Megan Branch, Intern
Patrick Wright a Professor at the Institute for Cultural Analysis at Nottingham Trent University and a fellow of the London Consortium. Wright wrote On Living in An Old Country and its companion, A Journey Through Ruins: The Last Days of London (read an excerpt here). On Living in an Old Country looks at history’s role in shaping identity and everyday life in England. Below is an excerpt about the house of Miss May Alice Savidge. Upon finding out that her pre-Tudor house was scheduled for demolition to make way for road work, Savidge dismantled it, shipped it 100 miles away, and began reassembling the house piece-by-piece.
On Camping out in the Modern World
“History appears as the derailment, the disruption of the everyday…” – Karel Kosik
So far I have not identified the political complexion of the local authority in Ware, not for that matter of the national government when the decision to redevelop Miss Savidge’s home was made. This has not been the result of any reluctance to deal with the political implications of Miss Savidge’s story. On the contrary, my point is that these implications will not be appreciable unless one also grasps the extent to which politics, at least in the traditional frame of the major electoral parties, have become irrelevant to the issues finding expression in this affair.
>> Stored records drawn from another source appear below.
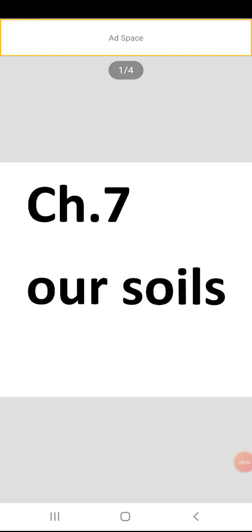Good morning students, so how are you all? I hope you all are fine. Children, today we are going to start a new chapter. The chapter number is seven and the name of the chapter is 'Our Soils'. In this chapter we will learn about soils — what is soil, why we have to conserve soil, how we can conserve it, and how it is formed.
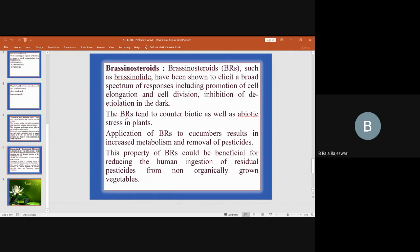Brassinosteroids tend to counter both biotic and abiotic stress in plants. Application of brassinosteroids to cucumbers results in increased metabolism and removal of pesticides, which could be beneficial for reducing human ingestion of residual pesticides from non-organically grown vegetables.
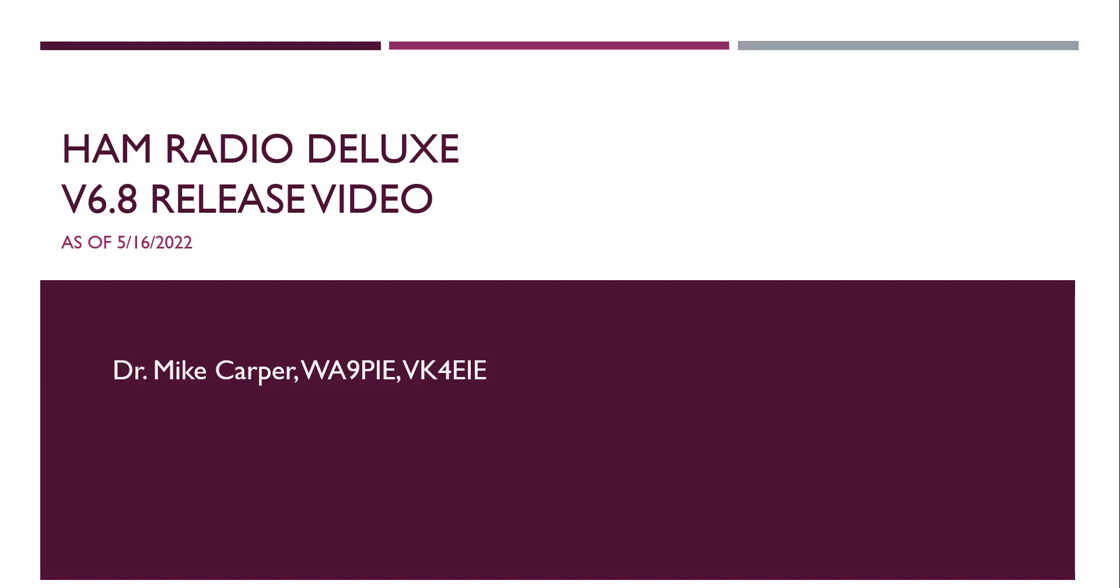Hello, this is Mike, Whiskey Alpha 9 Papa India Echo with Ham Radio Deluxe. The purpose of this video is to walk you through the changes made in the latest version of Ham Radio Deluxe version 6.8, released on the 16th of May, 2022.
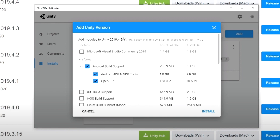If you're going to get into coding and scripting, you can also install Microsoft Visual Studio. You don't really need it for Altspace because Altspace doesn't allow scripting, but if you're going to get into coding in the future, you can install it. You can also get this software anytime, so don't worry about it. Then just click Install after that.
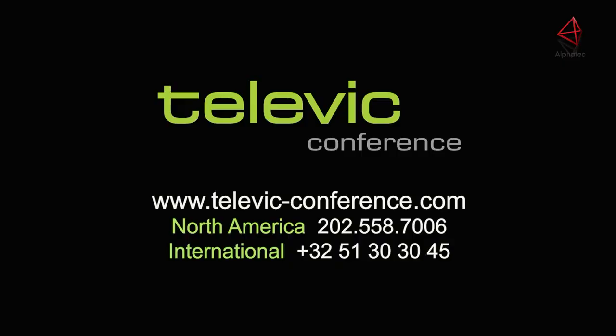For additional information, you can visit www.televic-conference.com. Thanks.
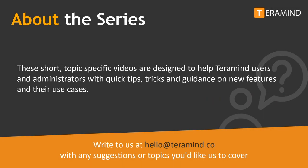Welcome back to another how-to tutorial brought to you by Teramind. These short topic-specific videos are designed to help Teramind users and administrators with quick tips, tricks and guidance on new features and their use cases.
In a phrase of Habermas’s, the political system is increasingly ‘decoupled’ from the traditional measures of everyday life, and Miss Savidge cannot be adequately defined as the victim of one party as opposed to another. She fell instead (and, of course, rose again) on the common ground of the post-war settlement, a ground which is made up of rationalised procedures and methods of administration as much as of any shared policies about, say, the efficacy of the mixed economy or the legitimacy of the welfare state. Miss Savidge’s house stood in the way of an ethos of development and a practice of social planning and calculation which have formed the procedural basis of the welfare state under both Conservative and Labour administrations. Governments have come and gone (at the behest of an electorate oscillating at a rate which itself reflects the situation), but a professionalised conduct of social administration has persisted throughout.
The professionals of this world are almost bound to see the more traditional forms of self-understanding persisting among the citizenry as merely quaint and eccentric, if not more dismissively as obstructive and inadequate to modern reality. While there is always room for an arrogant contempt to develop here, the most frequent manifestation consists of a resigned and pragmatic realism (the bureaucratic sigh which responds to people’s demands by saying that things are always more complicated than that) with which officials draw out and exhaust the discussion and patience of residents’ associations around the country. That this system of planning is less than perfect goes without saying, and Miss Savidge is well stocked with complaints on this score. For anyone who stops to ask she will talk about the callousness of the officials who turned up the Saturday before Christmas (1953) to look at the buildings which they had already decided to pull down—even though this was the first the residents had heard of it. She will mention inconsiderate rules applying to council tenants (no cat or dog unless you have a family, and so on). She will also talk about a general bureaucratic incompetence which, in her experience, made it possible to get a council grant towards the cost of installing a bathroom in a house which was already up for demolition, and which was also evident in the many changes of plan regarding the road development itself. Is it to be a new road with a roundabout, or can the old road be widened, and which local authority (town or country) is to be responsible?
Bureaucratic procedure may indeed be conducted as if its rationality were contained entirely within its own calculations, and in this respect it may well seem to stand impervious: free from any responsibility to the world in which its works eventually materialise. But whatever the appearance, this is obviously not a matter of rationality alone. The system of planning into which Miss Savidge was well caught up by 1969 is characteristic of a welfare state that was both corporatist in character (public discussion and political negotiation simulated in thoroughly institutionalised forms), and caught in the contradictions of its commodifying pact with private capital. More than this, the welfare state has developed through a period of extensive cultural upheaval, and Miss Savidge’s is therefore a story of the times in its discovery of tradition not just in the lifeworld but also in an apparently hopeless contest with modernity. While the dislocation of traditional self-understanding could indeed prepare the way for better possibilities, Miss Savidge stands there as a testimony to another scenario in which the prevailing atmosphere is one of insecurity which develops when extensive cultural dislocation has occurred without any better, or even reasonably meaningful, future coming into view.